Required action — Give back each line of the data exactly as it reads, minus the pictures.

Data —

....

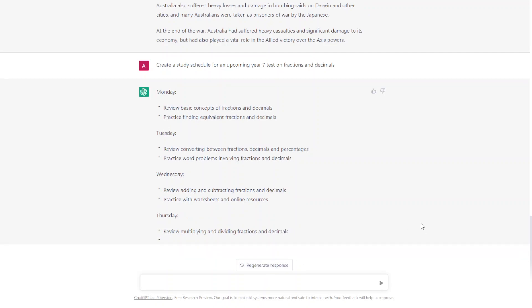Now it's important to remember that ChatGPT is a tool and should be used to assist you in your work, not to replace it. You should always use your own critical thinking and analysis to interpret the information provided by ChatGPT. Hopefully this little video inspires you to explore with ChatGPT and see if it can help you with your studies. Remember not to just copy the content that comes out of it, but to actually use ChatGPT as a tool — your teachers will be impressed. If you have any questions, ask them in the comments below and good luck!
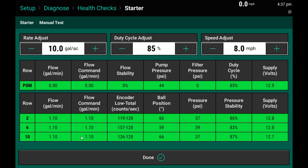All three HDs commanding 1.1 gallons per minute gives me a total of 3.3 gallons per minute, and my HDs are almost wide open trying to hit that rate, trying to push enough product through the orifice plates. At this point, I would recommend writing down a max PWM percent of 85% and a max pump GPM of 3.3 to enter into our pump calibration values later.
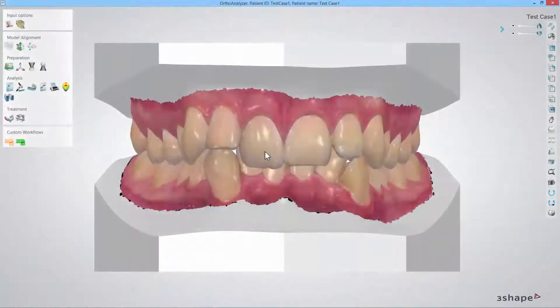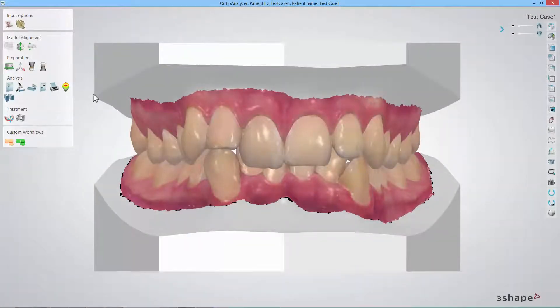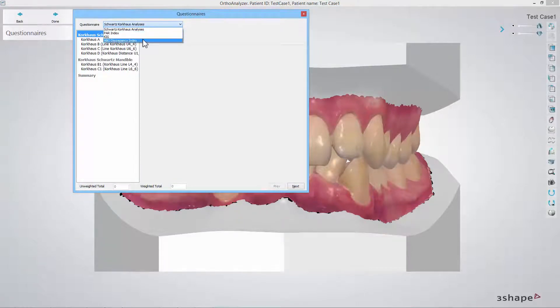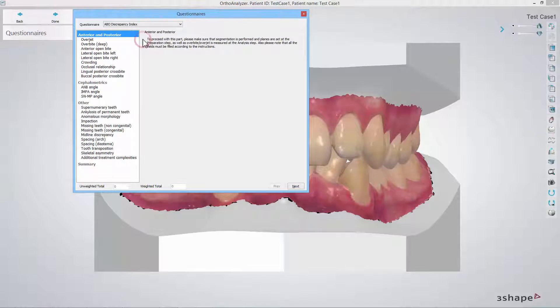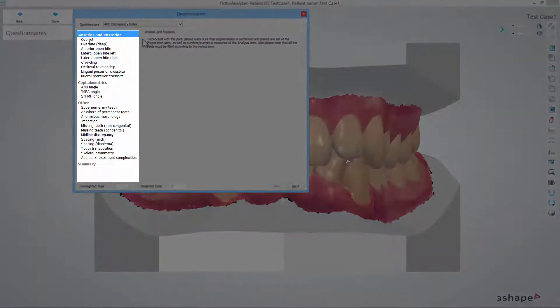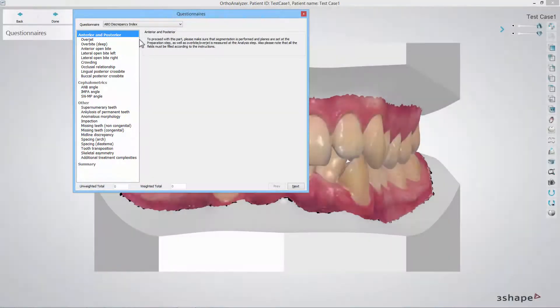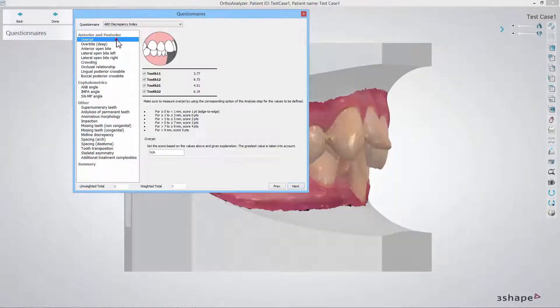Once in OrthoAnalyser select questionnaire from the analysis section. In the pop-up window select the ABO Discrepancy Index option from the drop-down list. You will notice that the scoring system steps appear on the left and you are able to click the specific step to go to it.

....

Exercise output —
Now it's important to remember that ChatGPT is a tool and should be used to assist you in your work, not to replace it. You should always use your own critical thinking and analysis to interpret the information provided by ChatGPT. Hopefully this little video inspires you to explore with ChatGPT and see if it can help you with your studies. Remember not to just copy the content that comes out of it, but to actually use ChatGPT as a tool — your teachers will be impressed. If you have any questions, ask them in the comments below and good luck!
All three HDs commanding 1.1 gallons per minute gives me a total of 3.3 gallons per minute, and my HDs are almost wide open trying to hit that rate, trying to push enough product through the orifice plates. At this point, I would recommend writing down a max PWM percent of 85% and a max pump GPM of 3.3 to enter into our pump calibration values later.
Once in OrthoAnalyser select questionnaire from the analysis section. In the pop-up window select the ABO Discrepancy Index option from the drop-down list. You will notice that the scoring system steps appear on the left and you are able to click the specific step to go to it.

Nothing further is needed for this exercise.